RE: A question about Truth
May 4, 2014 at 10:00 pm
(This post was last modified: May 4, 2014 at 10:10 pm by Coffee Jesus.)
(May 4, 2014 at 6:39 pm)bennyboy Wrote: It is reconciled by realizing that our experience of things and the actual nature of those things are not the same. Solidity, uniform surfaces, and the other properties of objects as we perceive them exist only as ideas.
All of our ideas about the world are based upon sensory perception. All of our ideas about the world are ideas.

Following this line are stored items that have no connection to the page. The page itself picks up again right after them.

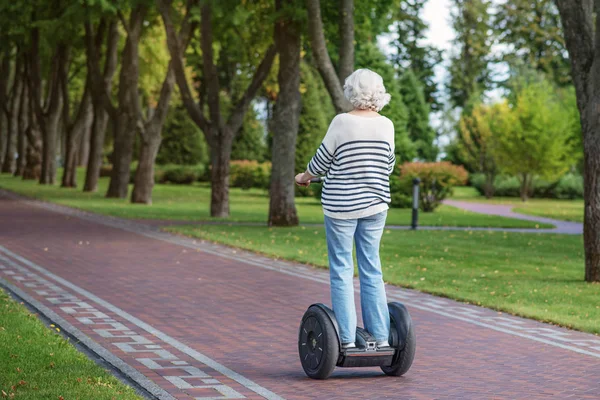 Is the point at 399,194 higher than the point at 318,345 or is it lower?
higher

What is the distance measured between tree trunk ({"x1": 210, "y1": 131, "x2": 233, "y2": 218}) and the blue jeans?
1889 centimetres

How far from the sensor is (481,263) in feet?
52.0

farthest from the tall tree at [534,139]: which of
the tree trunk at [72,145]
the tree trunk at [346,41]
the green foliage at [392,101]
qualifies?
the tree trunk at [346,41]

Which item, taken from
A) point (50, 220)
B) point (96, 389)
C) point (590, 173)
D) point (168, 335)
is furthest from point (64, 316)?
point (50, 220)

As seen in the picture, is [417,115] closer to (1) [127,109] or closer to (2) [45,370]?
(1) [127,109]

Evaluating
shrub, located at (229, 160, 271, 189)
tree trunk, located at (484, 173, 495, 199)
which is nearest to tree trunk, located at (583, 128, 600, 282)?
shrub, located at (229, 160, 271, 189)

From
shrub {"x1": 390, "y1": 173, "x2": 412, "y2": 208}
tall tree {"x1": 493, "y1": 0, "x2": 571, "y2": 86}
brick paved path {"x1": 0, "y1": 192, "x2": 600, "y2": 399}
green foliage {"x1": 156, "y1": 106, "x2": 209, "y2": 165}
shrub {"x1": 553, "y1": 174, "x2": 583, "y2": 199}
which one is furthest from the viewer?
green foliage {"x1": 156, "y1": 106, "x2": 209, "y2": 165}

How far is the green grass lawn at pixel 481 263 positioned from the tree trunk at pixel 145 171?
9595 mm

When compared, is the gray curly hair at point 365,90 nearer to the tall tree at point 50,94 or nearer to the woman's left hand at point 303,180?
the woman's left hand at point 303,180

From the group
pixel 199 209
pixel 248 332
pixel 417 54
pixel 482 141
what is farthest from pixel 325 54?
pixel 417 54

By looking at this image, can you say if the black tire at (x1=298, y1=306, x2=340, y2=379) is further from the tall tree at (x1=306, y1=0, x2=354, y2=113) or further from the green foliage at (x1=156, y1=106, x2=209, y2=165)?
the green foliage at (x1=156, y1=106, x2=209, y2=165)

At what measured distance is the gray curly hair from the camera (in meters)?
7.03

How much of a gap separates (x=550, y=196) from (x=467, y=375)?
153 feet

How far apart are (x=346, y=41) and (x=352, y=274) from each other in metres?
13.0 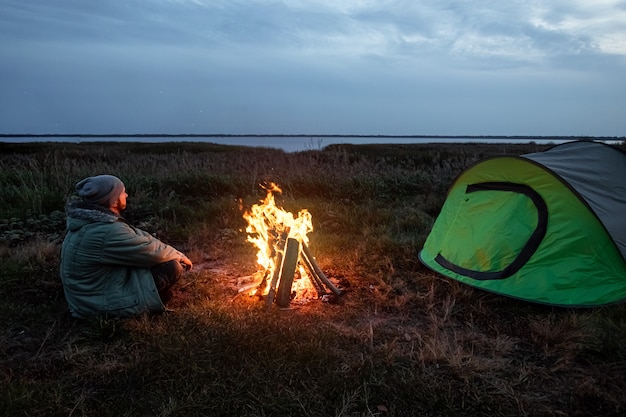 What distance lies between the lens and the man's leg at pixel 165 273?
4.58 meters

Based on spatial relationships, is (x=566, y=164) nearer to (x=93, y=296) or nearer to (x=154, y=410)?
(x=154, y=410)

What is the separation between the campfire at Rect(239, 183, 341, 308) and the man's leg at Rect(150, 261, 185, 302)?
0.91 metres

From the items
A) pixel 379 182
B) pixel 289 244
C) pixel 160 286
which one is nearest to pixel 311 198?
pixel 379 182

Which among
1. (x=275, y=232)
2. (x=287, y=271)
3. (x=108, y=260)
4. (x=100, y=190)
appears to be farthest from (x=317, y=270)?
(x=100, y=190)

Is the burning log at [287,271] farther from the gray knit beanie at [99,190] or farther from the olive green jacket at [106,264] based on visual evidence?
the gray knit beanie at [99,190]

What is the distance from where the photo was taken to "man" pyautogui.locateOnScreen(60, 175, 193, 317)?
416 centimetres

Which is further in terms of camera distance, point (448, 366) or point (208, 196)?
point (208, 196)

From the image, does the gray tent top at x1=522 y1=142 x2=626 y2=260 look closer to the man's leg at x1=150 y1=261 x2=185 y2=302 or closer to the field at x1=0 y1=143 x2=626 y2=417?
the field at x1=0 y1=143 x2=626 y2=417

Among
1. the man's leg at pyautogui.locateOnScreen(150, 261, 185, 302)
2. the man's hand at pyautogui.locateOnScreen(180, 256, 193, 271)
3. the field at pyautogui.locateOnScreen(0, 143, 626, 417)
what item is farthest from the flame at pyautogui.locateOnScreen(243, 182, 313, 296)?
the man's leg at pyautogui.locateOnScreen(150, 261, 185, 302)

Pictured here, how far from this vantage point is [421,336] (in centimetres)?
432

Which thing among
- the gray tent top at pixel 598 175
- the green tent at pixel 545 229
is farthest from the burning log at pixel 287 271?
the gray tent top at pixel 598 175

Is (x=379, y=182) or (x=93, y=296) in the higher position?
(x=379, y=182)

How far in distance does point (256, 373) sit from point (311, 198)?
6.73 m

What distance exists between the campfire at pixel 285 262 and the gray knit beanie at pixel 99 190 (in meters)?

You're trying to describe and distinguish our understandings of the world from the world as it really is, but everything you're capable of describing falls into the former category. Nonetheless, our understandings of the world are presumably descriptions of the world as it really is, so they all fall into the latter category as well.
(May 4, 2014 at 6:39 pm)bennyboy Wrote: Solidity, uniform surfaces, and the other properties of objects as we perceive them exist only as ideas.
A "property" is actually a way of grouping things, but the instantiations of those properties (as individuals or as a group) really do exist, hence we're still talking about reality. Furthermore, the continuum of likeness upon which those things are being evaluated must be a continuum derived from some real principle or principles in order to have any usefulness.
(May 4, 2014 at 6:39 pm)bennyboy Wrote: Don't believe me? Describe what a plane is, in geometry, then describe what the surface of a desk looks like, close up. So where is the flatness of the desk? Its context is not defined by the collection of (possibly real) particles, but by the nature of human perception.
A plane is a flat two-dimensional surface.
The flatness of the desk is a feature of the border of the space defined by the particles that compose the desk. "Flatness" might not ever be absolute, but it still objectively true that some thigns are flatter than others.